GIVEN MATERIAL:
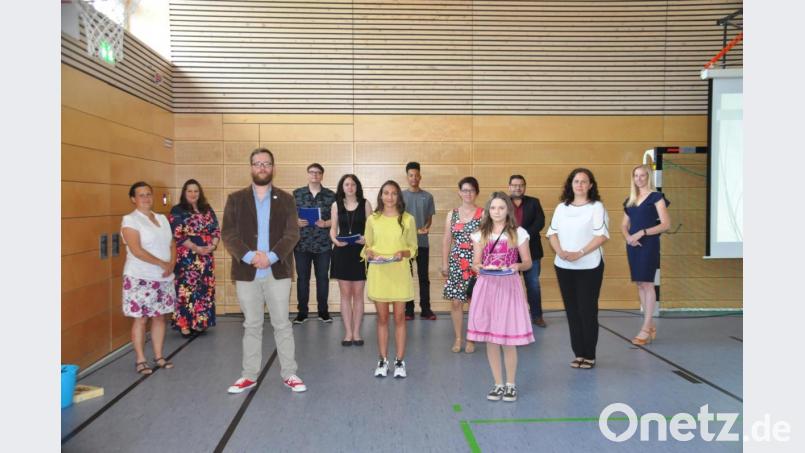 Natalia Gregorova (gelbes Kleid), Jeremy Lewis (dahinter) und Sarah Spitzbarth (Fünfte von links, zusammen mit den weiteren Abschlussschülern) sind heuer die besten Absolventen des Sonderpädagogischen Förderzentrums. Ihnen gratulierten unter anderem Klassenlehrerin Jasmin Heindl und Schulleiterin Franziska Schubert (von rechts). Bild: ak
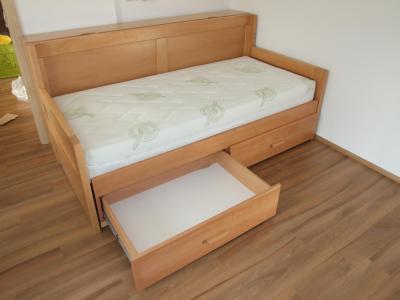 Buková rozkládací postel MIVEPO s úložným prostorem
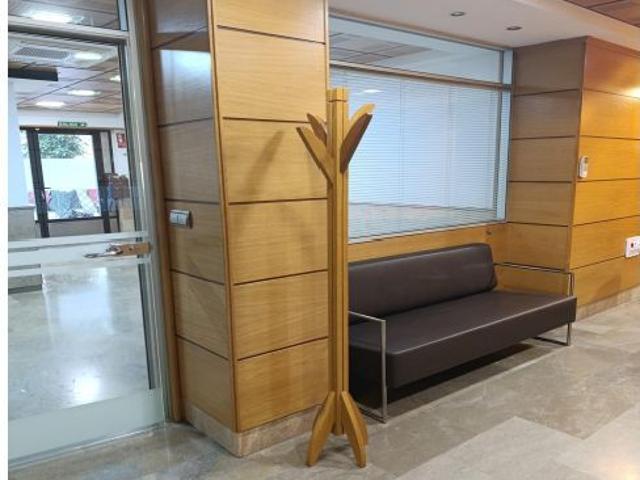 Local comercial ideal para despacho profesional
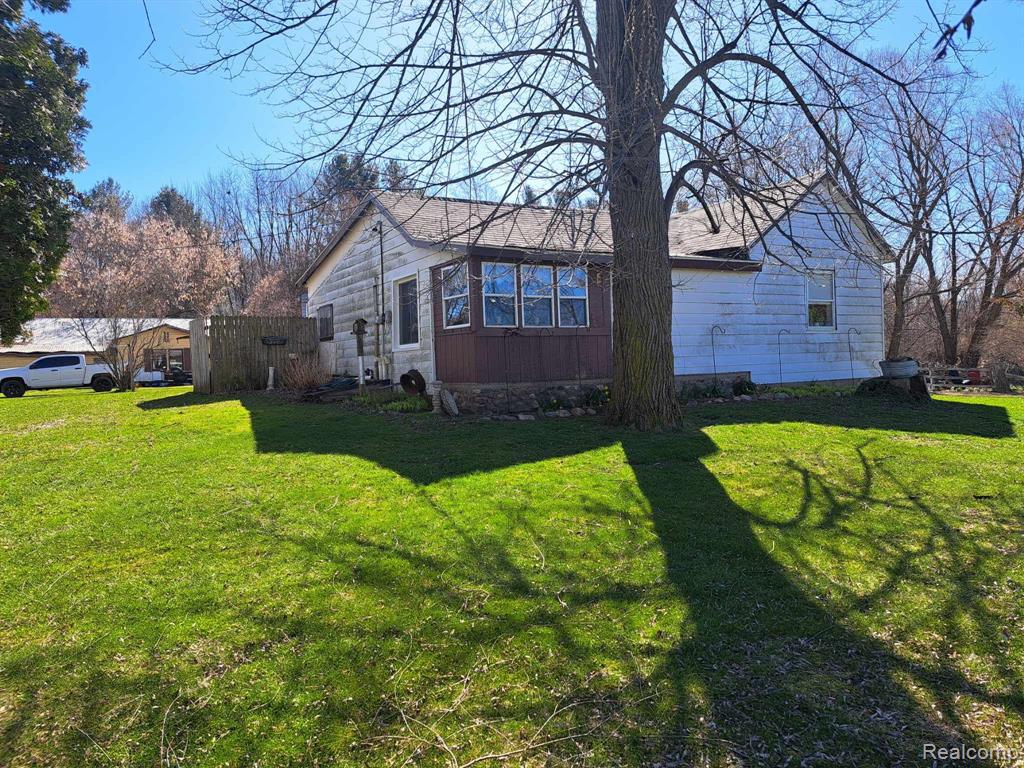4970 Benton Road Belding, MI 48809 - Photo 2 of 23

EXERCISE:
Every line from the one with "Local comercial ideal" through the last line of the data must be copied exactly. Leave the pictures out.

RESULT BELOW:
 Local comercial ideal para despacho profesional
4970 Benton Road Belding, MI 48809 - Photo 2 of 23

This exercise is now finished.